##### SUPPLIED DATA

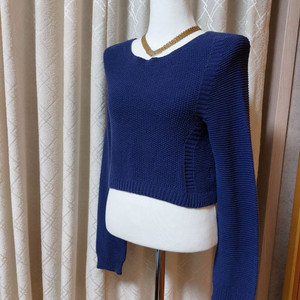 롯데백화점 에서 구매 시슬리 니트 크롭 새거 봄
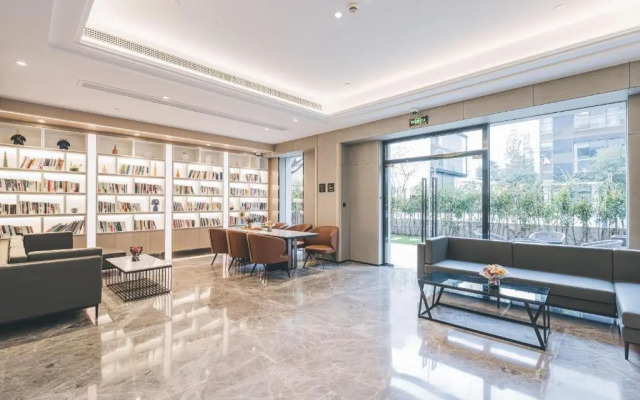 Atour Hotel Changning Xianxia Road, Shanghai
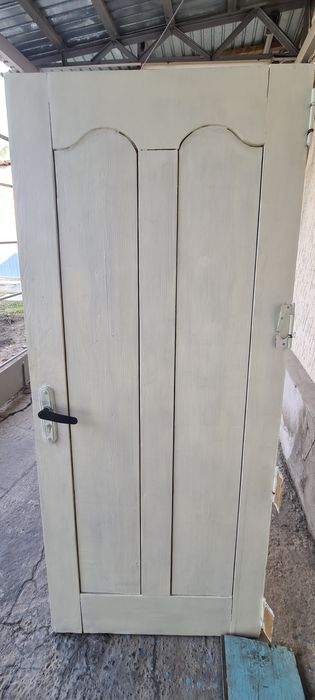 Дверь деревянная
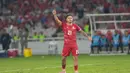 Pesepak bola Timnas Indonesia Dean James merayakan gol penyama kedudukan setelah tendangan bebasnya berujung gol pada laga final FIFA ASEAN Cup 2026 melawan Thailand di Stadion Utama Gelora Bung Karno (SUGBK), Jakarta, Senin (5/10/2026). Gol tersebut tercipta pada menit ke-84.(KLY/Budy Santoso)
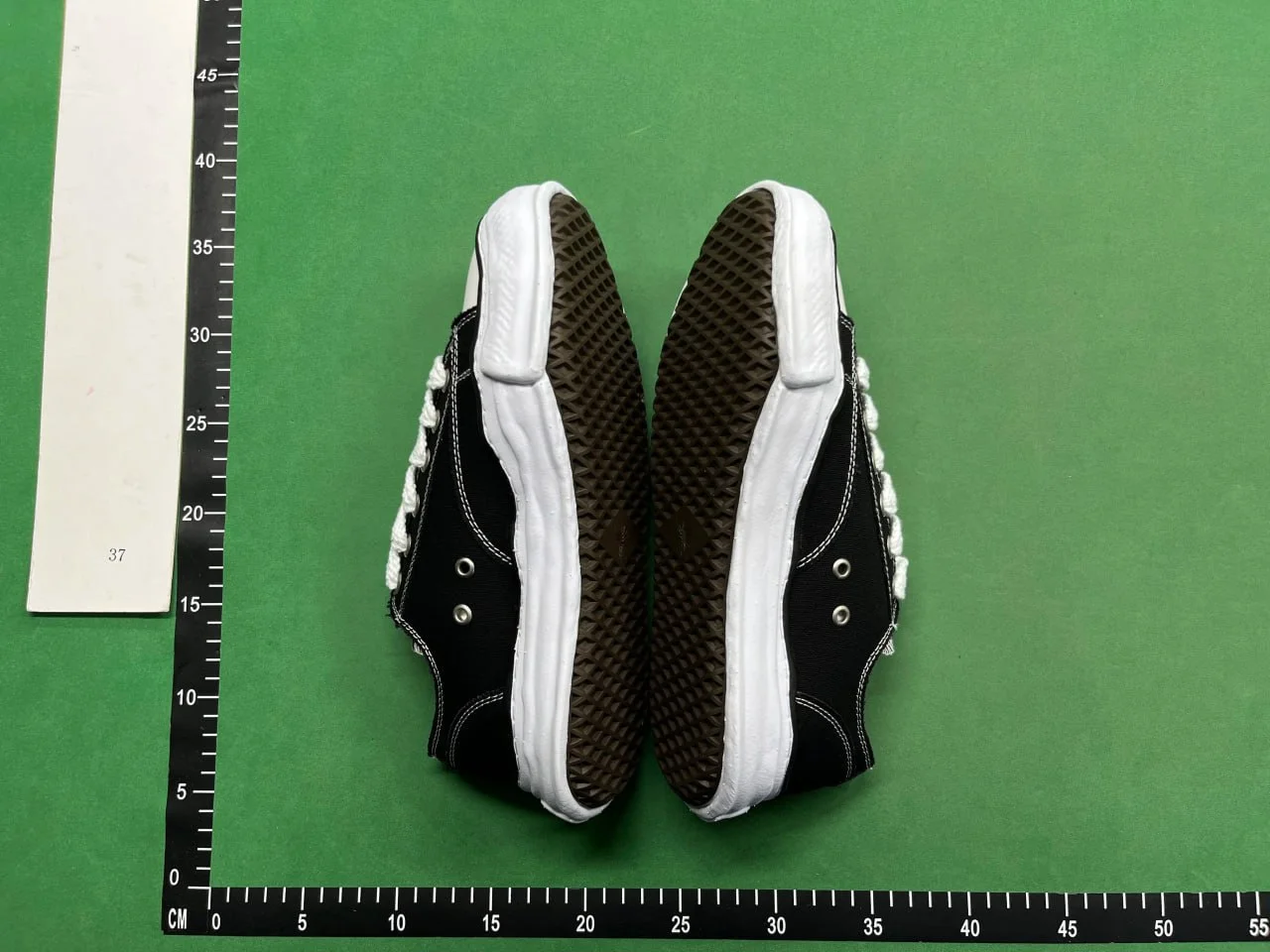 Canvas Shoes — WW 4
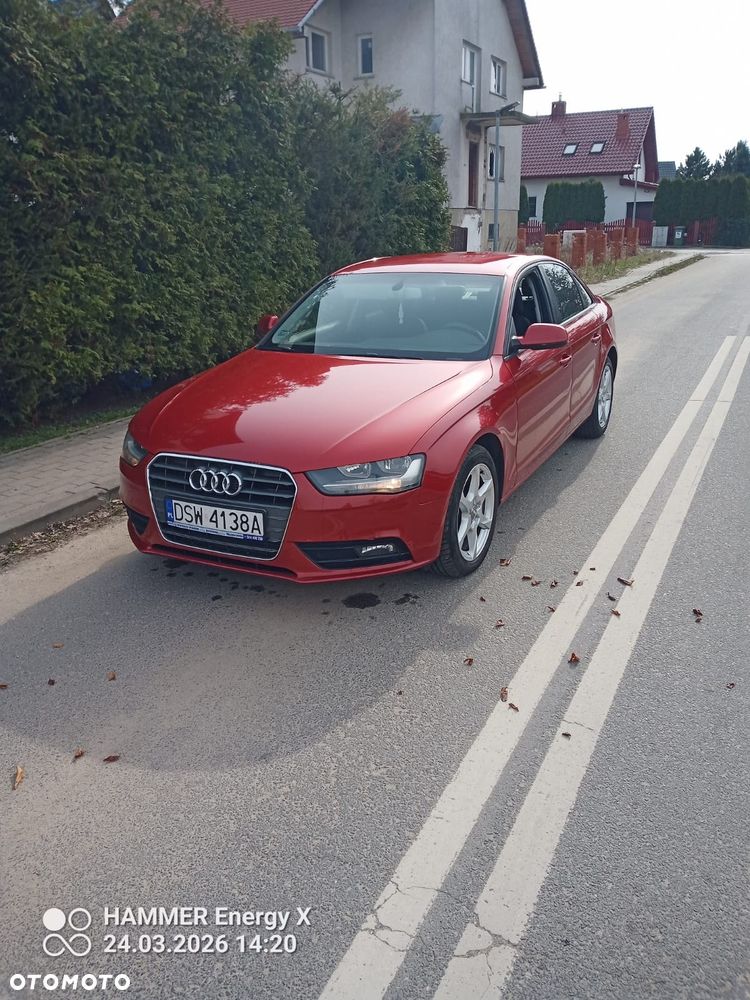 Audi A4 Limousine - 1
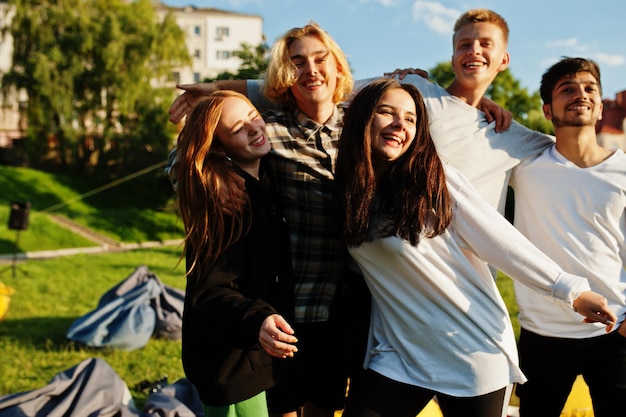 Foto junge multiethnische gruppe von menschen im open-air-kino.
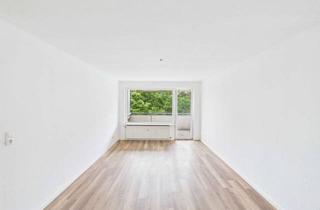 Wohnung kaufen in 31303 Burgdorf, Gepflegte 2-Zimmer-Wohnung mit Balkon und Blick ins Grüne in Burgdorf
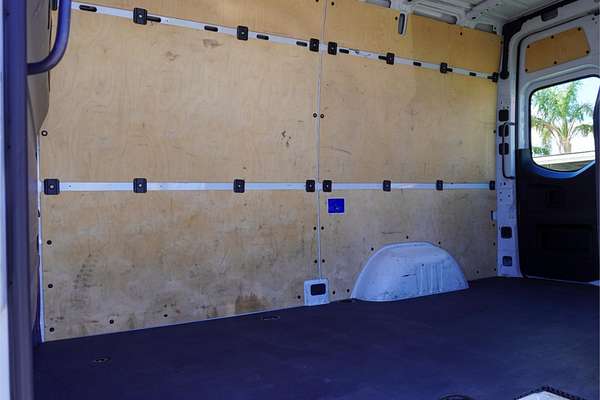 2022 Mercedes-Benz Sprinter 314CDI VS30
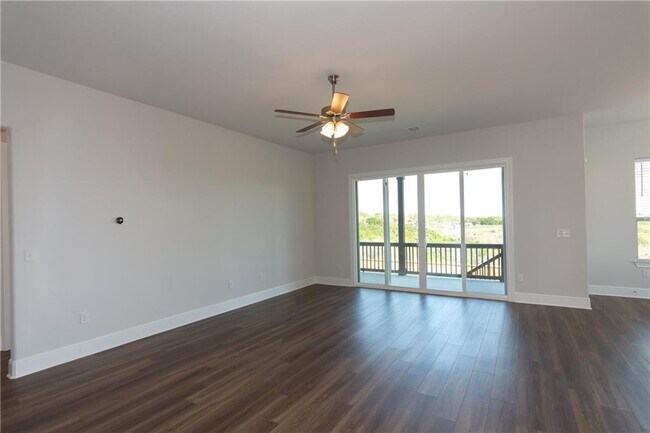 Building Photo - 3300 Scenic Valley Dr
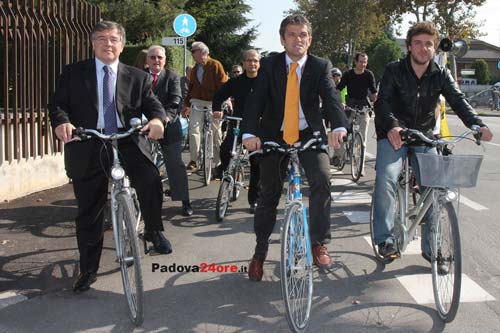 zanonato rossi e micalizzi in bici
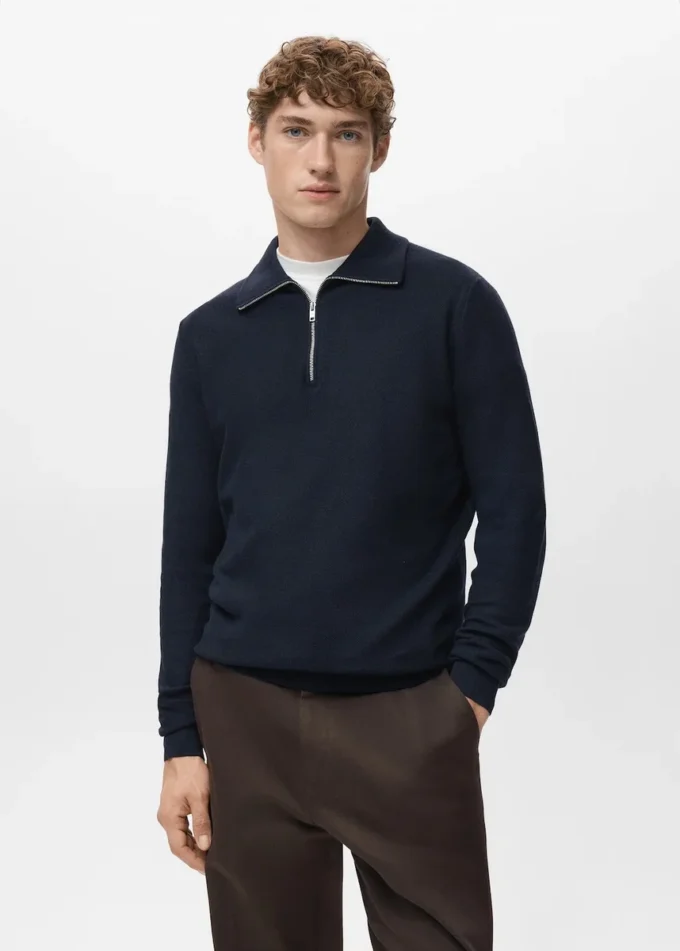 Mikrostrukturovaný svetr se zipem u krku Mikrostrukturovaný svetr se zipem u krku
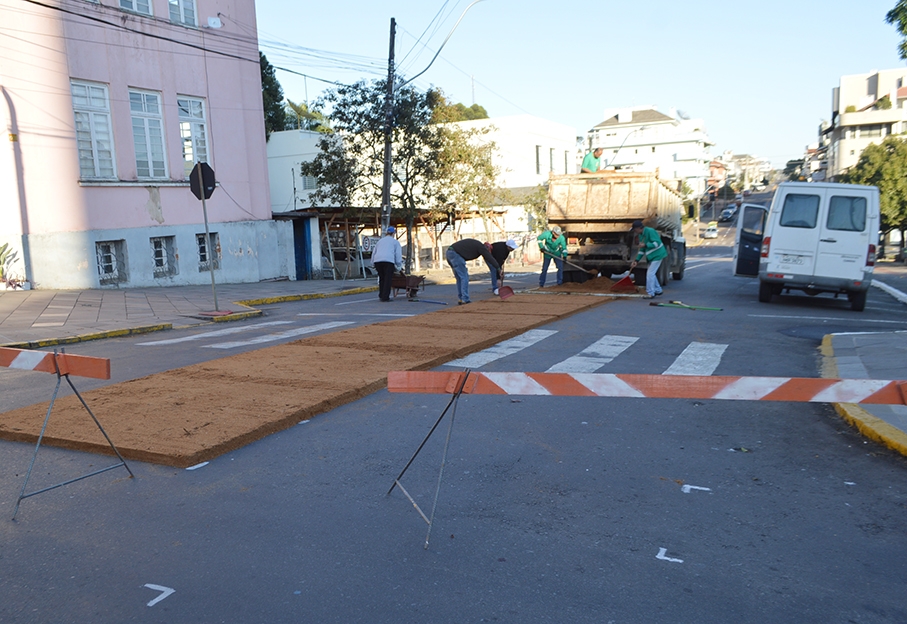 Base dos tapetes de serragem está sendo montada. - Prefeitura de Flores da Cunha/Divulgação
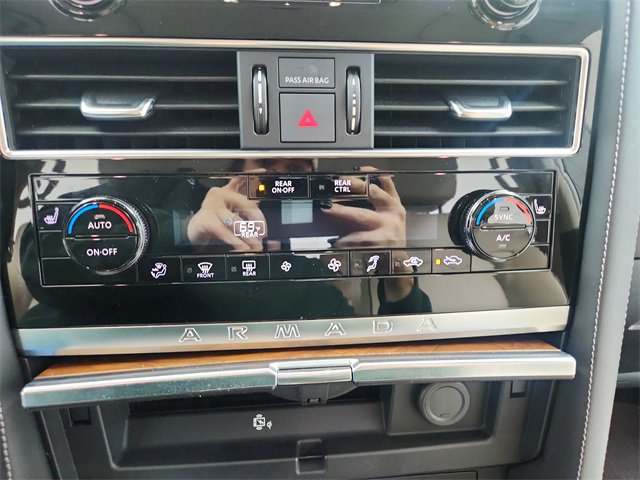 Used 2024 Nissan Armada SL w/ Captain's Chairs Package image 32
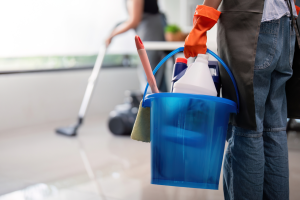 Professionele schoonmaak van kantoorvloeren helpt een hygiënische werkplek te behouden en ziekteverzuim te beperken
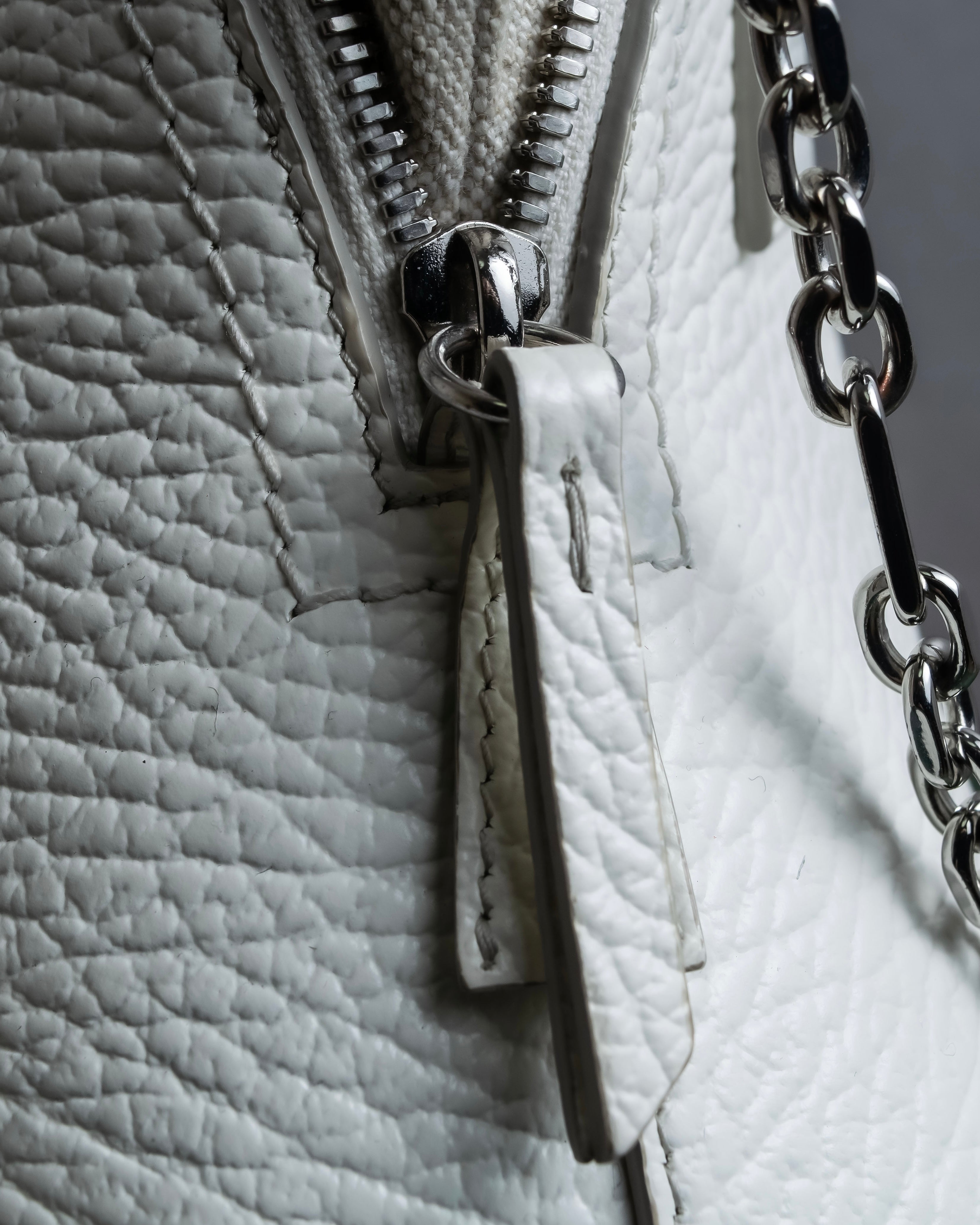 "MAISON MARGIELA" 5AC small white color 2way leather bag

##########

> _AIM OF THE EXERCISE_: Repeat each line word for word, from the one with "Atour Hotel Changning Xianxia Road, Shanghai" down to the last line of the data, and keep the pictures out of it.

> _RESULT OF THE TASK_:
 Atour Hotel Changning Xianxia Road, Shanghai
 Дверь деревянная
 Pesepak bola Timnas Indonesia Dean James merayakan gol penyama kedudukan setelah tendangan bebasnya berujung gol pada laga final FIFA ASEAN Cup 2026 melawan Thailand di Stadion Utama Gelora Bung Karno (SUGBK), Jakarta, Senin (5/10/2026). Gol tersebut tercipta pada menit ke-84.(KLY/Budy Santoso)
 Canvas Shoes — WW 4
 Audi A4 Limousine - 1
 Foto junge multiethnische gruppe von menschen im open-air-kino.
 Wohnung kaufen in 31303 Burgdorf, Gepflegte 2-Zimmer-Wohnung mit Balkon und Blick ins Grüne in Burgdorf
 2022 Mercedes-Benz Sprinter 314CDI VS30
 Building Photo - 3300 Scenic Valley Dr
 zanonato rossi e micalizzi in bici
 Mikrostrukturovaný svetr se zipem u krku Mikrostrukturovaný svetr se zipem u krku
 Base dos tapetes de serragem está sendo montada. - Prefeitura de Flores da Cunha/Divulgação
 Used 2024 Nissan Armada SL w/ Captain's Chairs Package image 32
 Professionele schoonmaak van kantoorvloeren helpt een hygiënische werkplek te behouden en ziekteverzuim te beperken
 "MAISON MARGIELA" 5AC small white color 2way leather bag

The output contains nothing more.